Indeed, Zoe Harris who acted as the passenger who died in the simulated crash said that just this week someone gave her a ride and then started texting while driving. “I asked her to stop and she didn’t,” Zoe said.
Reflecting on her participation in the simulation, Zoe said, “When the white sheet came over me, it really hit home.”
“I definitely won’t text and drive for sure when I get my license,” said Valerie Cella after the simulation. “All the juniors are just getting their licenses and next week when seniors go on their internships, juniors will get to park at GHS.”

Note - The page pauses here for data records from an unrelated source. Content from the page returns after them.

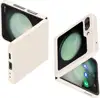 Spigen Air Skin, pearled ivory, zaštitna maska za telefon - Samsung Galaxy Z Flip5 (ACS06231)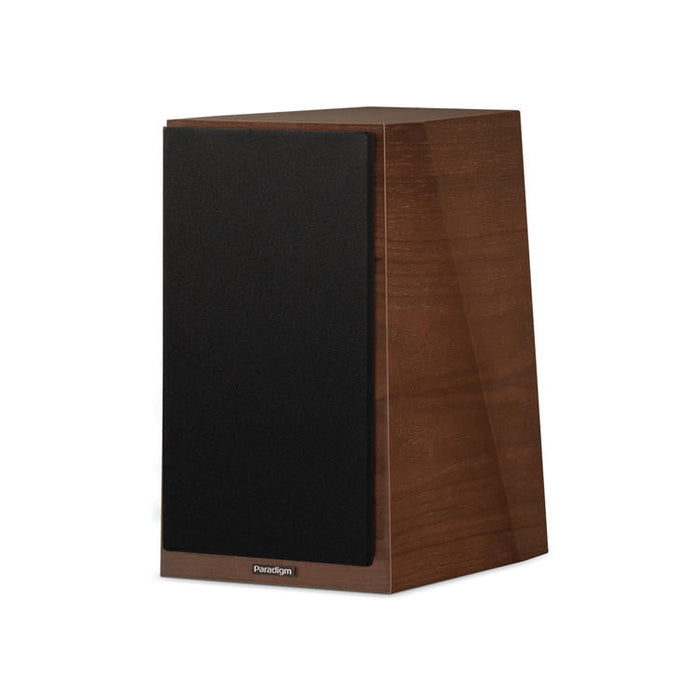 Paradigm Founder 40B | Bookshelf Speakers - 92 db - 69 Hz - 23 kHz - 8 ohms - Walnut - Pair-Sonxplus Drummondville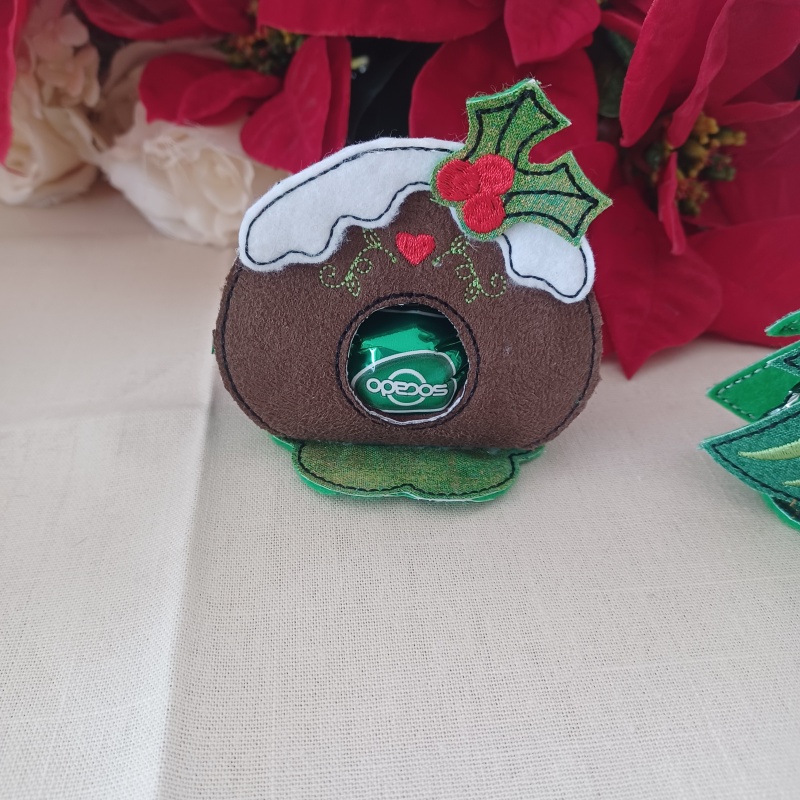 Christmas Chocolate Holders-5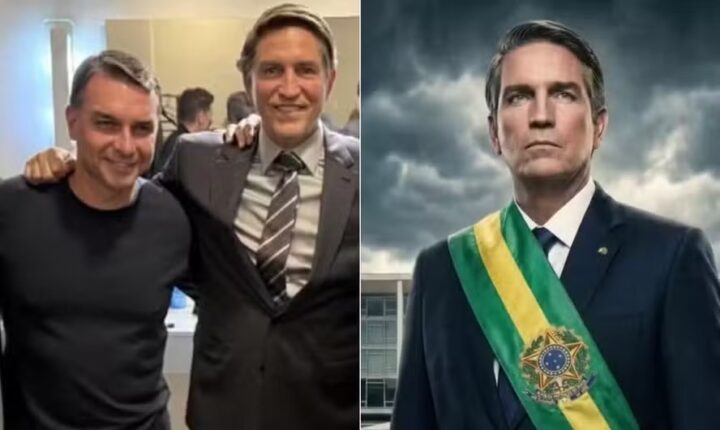 Financiado por Vorcaro a pedido de Flávio, filme de Bolsonaro teve suposta comida estragada e Beyoncé acionando a Justiça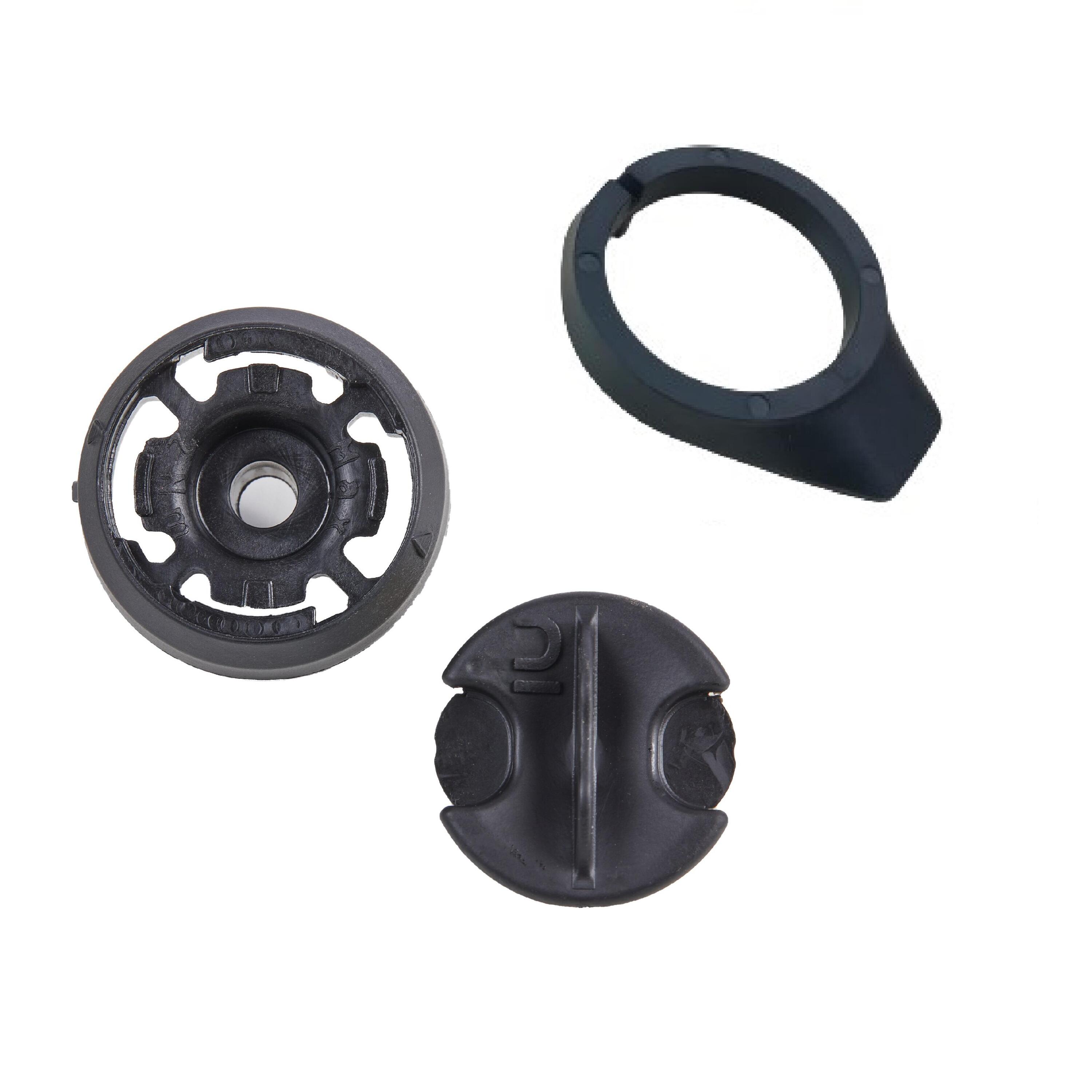 ROCKRIDER PRODUCTO OCASIÓN: SOPORTE CUENTAKILÓMETROS POTENCIA - VERSIÓN 2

Valerie and Zoe said a lot of GHS students use Snapchat when they are driving, especially kids with new driver’s licenses. They explained that Snapchat has a filter that indicates how fast they are driving.
For his part, GHS senior Peyton Larkin, who was convincing as the distracted driver who just learned his good friend had been killed because of his action, said the exercise had an impact on him personally.
“This was very real today. Sometimes people drive use their phones, and I say, ‘Put your phone down,'” he said, adding that he is part of the GEMS Explorer Post.” “This is big for me.”
“His future is ruined,” Officer Shane Geary said of the distracted driver whose passenger was killed. “It doesn’t matter where he’s from. It doesn’t matter who his parents are. There is a zero tolerance these days, especially for distracted driving cases with loss of life.”
Officer Geary said the simulation was a good approximation of scenes he has responded to, including the inter-agency cooperation. “We prioritize and put the patients first. Most Police officers are medically trained and many of us are trained as EMT’s too.”
Geary said if the police arrive before GEMS, they evaluate injuries first. “The handcuffs go on last,” he said.